The goal of this study was to develop Ni-P nanocomposite coatings by adding nanoparticles to the plating solution, thereby filling defects in the Ni-P coating with nanoparticles and improving the performance of the Ni-P coating.
The Ni-P-WC and Ni-P-Fe3O4 coatings were prepared by electroless deposition methods, modifying the typical Ni–P coating by adding different amounts of WC and Fe3O4 nanoparticles, respectively. The morphology, structure, microhardness, and corrosion resistance of the Ni-P-WC coating, Ni-P-Fe3O4 coating, and conventional Ni-P coating were analyzed using optical stereoscopic microscopy (OSM), scanning electron microscopy (SEM), polarization curve and electrochemical impedance spectroscopy (EIS), X-ray powder diffraction (XRD) and Vickers hardness tests.

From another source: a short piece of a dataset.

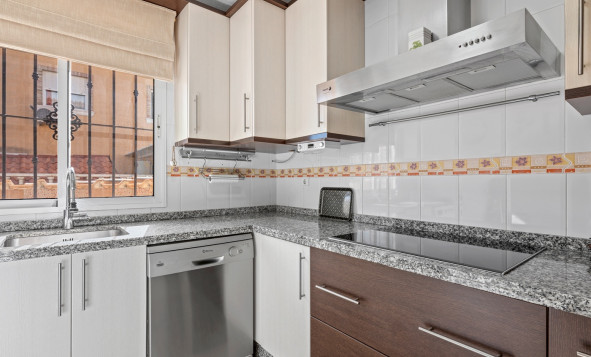 Herverkoop - 4. Halfvrijstaande villa - Ciudad Quesada - Costa Blanca Zuid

The study showed that WC nanoparticles had an important impact on the microhardness, anti-corrosion properties and morphology of the coatings. The results of electrochemical tests in the National Association of Corrosion Engineers (NACE) standard solution containing CO2 and H2S showed that the electroless Ni-P-WC coating exhibited better anti-corrosion ability than the Ni-P coating. The superior stability of the Ni-P-WC coating was confirmed by long-term immersion tests in the simulated solution. The Ni-P-WC coating also had an increased hardness than the Ni-P coating. The coating formed in the bath containing 5 g/L WC particles showed the highest hardness value and best corrosion resistance.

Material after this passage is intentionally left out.